*WHAT TO WORK ON*:
Say how many lines in the records include the string "Boys", adding no other words.

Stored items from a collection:

· · · · · · ·

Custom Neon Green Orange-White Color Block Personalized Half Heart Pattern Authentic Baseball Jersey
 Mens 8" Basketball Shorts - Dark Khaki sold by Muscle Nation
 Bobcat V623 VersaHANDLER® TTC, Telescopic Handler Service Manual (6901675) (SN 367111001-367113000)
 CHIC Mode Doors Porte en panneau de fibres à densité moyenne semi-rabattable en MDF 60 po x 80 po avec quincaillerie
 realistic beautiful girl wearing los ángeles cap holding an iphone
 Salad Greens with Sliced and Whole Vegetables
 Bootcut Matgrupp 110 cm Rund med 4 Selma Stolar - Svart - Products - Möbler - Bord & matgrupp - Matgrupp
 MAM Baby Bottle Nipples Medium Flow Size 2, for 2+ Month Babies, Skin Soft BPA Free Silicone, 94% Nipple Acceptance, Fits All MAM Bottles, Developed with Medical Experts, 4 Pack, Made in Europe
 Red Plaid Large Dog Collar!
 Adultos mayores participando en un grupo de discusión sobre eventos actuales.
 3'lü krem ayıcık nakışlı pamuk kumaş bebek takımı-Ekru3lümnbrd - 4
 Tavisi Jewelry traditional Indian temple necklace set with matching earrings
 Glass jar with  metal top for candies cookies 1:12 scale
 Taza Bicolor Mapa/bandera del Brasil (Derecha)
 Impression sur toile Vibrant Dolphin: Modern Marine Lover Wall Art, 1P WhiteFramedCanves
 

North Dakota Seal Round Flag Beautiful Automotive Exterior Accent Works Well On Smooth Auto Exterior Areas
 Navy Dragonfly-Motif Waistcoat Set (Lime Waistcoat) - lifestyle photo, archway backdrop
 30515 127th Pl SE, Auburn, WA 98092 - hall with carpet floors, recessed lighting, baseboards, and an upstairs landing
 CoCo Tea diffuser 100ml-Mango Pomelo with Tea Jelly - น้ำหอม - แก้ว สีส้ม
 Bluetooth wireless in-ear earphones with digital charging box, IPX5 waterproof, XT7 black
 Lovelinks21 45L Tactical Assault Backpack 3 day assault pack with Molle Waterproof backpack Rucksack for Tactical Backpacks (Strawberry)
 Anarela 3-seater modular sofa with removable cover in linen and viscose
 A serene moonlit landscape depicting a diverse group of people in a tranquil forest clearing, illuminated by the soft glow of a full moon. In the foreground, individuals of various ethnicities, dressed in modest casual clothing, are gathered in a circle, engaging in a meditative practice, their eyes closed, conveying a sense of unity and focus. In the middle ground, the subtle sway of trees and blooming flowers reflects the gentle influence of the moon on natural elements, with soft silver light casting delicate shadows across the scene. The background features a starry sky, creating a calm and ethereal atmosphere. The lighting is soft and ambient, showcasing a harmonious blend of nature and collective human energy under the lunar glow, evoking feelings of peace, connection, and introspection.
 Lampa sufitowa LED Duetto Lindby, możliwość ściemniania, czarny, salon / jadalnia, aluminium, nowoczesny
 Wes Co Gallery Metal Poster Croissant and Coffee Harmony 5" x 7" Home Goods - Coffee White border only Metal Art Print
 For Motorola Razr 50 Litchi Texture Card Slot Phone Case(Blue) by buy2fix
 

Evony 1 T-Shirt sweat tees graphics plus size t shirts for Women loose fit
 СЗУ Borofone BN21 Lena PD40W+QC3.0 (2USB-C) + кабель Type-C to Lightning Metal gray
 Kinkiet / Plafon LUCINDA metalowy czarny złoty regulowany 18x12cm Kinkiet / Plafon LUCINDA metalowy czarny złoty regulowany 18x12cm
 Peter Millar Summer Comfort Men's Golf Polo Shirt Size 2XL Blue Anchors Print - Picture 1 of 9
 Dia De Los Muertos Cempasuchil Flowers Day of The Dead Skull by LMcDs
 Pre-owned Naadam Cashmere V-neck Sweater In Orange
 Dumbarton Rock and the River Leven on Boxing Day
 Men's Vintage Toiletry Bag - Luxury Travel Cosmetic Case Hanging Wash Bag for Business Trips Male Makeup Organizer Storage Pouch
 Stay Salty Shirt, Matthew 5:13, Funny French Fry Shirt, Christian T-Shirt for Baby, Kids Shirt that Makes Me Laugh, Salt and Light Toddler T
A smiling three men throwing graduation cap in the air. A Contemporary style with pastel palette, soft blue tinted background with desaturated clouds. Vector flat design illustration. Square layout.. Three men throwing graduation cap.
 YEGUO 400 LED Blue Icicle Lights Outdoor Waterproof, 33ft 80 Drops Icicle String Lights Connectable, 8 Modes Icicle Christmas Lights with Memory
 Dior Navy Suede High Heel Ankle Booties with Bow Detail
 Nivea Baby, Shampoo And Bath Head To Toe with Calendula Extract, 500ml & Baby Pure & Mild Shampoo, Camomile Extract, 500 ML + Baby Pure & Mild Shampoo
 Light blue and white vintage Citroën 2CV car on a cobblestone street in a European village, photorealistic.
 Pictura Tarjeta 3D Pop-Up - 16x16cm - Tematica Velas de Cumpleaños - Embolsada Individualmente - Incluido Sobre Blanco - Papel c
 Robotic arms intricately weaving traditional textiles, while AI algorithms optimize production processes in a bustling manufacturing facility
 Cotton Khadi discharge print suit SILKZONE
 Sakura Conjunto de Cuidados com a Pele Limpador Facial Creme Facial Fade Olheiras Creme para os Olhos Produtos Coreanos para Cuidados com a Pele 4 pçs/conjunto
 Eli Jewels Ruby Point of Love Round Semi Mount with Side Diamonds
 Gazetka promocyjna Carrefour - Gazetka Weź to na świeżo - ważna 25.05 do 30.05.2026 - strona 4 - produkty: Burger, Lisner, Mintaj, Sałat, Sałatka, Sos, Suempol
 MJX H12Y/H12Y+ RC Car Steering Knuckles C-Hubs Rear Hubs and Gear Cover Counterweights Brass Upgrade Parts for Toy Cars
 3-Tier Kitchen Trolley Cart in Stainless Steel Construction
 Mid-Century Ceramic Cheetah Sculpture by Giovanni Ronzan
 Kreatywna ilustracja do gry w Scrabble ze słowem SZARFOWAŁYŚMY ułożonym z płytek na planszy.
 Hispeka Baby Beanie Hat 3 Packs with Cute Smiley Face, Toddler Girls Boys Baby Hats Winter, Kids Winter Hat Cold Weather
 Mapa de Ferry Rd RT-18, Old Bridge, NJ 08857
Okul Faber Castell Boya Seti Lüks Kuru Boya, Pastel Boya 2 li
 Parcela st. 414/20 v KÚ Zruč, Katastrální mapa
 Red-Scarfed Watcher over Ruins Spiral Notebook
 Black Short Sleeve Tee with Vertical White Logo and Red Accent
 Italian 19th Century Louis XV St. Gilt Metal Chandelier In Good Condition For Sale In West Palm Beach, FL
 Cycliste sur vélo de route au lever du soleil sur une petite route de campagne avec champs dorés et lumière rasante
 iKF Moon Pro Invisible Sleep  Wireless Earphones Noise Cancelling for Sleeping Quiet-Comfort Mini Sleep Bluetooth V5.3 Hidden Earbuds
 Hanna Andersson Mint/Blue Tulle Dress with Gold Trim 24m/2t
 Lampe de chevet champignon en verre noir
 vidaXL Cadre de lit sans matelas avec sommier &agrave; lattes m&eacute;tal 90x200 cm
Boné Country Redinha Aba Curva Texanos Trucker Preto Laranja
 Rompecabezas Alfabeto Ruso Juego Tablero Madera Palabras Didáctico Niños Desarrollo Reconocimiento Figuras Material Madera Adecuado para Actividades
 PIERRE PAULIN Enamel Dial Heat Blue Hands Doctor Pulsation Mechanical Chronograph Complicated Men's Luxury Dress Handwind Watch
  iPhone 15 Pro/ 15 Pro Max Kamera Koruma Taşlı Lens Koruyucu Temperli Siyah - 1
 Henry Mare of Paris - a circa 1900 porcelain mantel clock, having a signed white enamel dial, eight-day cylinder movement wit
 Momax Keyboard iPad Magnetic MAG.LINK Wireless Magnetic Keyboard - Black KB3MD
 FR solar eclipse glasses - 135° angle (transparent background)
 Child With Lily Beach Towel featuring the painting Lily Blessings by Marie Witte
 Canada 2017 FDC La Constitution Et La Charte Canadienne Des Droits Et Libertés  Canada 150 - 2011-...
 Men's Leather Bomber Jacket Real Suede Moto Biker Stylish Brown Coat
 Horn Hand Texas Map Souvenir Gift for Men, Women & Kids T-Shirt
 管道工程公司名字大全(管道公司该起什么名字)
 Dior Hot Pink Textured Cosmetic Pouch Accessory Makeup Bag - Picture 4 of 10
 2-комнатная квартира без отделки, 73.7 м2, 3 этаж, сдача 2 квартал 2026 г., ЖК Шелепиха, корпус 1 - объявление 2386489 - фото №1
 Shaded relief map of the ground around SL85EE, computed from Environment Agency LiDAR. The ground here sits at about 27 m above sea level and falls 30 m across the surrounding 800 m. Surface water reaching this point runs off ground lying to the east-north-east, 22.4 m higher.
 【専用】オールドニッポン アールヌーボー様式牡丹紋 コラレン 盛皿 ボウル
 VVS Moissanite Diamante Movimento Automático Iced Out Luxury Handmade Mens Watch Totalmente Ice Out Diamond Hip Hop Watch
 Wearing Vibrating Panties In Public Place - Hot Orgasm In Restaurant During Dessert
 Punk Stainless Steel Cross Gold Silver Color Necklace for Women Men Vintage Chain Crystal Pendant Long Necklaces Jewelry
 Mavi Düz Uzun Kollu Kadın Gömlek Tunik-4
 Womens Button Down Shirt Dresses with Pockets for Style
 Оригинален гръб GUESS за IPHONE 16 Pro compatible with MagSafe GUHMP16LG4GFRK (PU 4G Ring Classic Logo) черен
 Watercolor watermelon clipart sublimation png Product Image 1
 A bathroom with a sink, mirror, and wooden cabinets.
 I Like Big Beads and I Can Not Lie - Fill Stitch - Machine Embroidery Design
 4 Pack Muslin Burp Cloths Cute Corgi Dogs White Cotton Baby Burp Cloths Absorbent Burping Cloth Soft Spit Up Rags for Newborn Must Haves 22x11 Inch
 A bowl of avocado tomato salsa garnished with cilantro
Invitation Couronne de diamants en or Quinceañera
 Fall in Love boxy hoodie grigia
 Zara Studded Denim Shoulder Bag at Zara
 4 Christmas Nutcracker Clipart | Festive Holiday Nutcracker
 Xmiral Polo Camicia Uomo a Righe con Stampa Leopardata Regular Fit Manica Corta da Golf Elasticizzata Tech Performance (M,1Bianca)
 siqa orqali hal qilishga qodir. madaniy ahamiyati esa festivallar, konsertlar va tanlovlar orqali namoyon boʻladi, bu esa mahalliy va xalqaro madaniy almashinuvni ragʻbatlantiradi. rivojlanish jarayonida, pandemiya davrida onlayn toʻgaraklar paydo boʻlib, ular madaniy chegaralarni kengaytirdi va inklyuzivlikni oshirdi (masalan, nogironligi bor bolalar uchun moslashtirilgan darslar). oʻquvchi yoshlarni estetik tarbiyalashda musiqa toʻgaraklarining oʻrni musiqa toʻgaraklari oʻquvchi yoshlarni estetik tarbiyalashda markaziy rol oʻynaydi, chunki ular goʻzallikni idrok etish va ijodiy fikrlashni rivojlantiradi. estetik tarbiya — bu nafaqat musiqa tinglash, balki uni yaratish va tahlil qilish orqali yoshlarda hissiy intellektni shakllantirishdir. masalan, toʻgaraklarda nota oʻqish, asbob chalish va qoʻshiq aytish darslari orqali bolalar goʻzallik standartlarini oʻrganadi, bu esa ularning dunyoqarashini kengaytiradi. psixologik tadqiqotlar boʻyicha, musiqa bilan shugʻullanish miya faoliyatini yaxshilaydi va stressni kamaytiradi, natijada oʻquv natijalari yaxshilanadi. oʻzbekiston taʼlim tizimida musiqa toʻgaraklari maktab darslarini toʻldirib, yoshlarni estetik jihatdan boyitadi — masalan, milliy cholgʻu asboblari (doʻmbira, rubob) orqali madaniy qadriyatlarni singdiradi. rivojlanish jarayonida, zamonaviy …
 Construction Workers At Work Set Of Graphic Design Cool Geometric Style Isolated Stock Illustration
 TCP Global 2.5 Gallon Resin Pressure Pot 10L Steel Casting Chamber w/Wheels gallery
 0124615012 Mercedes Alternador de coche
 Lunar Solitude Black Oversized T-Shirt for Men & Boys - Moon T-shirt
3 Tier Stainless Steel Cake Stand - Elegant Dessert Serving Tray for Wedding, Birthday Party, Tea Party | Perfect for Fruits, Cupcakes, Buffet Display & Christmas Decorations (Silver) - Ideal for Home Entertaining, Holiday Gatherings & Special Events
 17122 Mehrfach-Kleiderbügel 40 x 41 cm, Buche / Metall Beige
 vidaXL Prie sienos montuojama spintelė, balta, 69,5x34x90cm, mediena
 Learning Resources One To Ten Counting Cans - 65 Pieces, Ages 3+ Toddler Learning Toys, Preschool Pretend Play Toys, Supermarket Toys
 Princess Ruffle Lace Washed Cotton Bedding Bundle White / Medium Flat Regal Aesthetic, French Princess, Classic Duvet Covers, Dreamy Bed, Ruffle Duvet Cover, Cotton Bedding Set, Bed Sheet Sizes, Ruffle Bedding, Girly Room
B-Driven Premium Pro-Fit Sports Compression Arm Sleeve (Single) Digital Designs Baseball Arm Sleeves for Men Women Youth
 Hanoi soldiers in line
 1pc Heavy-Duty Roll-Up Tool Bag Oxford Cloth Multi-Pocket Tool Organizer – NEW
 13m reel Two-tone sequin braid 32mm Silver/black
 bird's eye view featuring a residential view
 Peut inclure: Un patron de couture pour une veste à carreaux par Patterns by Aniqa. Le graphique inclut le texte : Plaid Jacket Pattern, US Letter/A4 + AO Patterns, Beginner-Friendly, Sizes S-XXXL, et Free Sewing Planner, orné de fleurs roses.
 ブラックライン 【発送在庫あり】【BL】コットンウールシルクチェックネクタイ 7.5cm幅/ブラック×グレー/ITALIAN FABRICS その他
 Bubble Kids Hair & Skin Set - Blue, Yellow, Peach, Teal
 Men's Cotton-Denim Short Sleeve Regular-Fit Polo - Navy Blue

· · · · · · ·

*SOLUTION TO THIS EXERCISE*:
2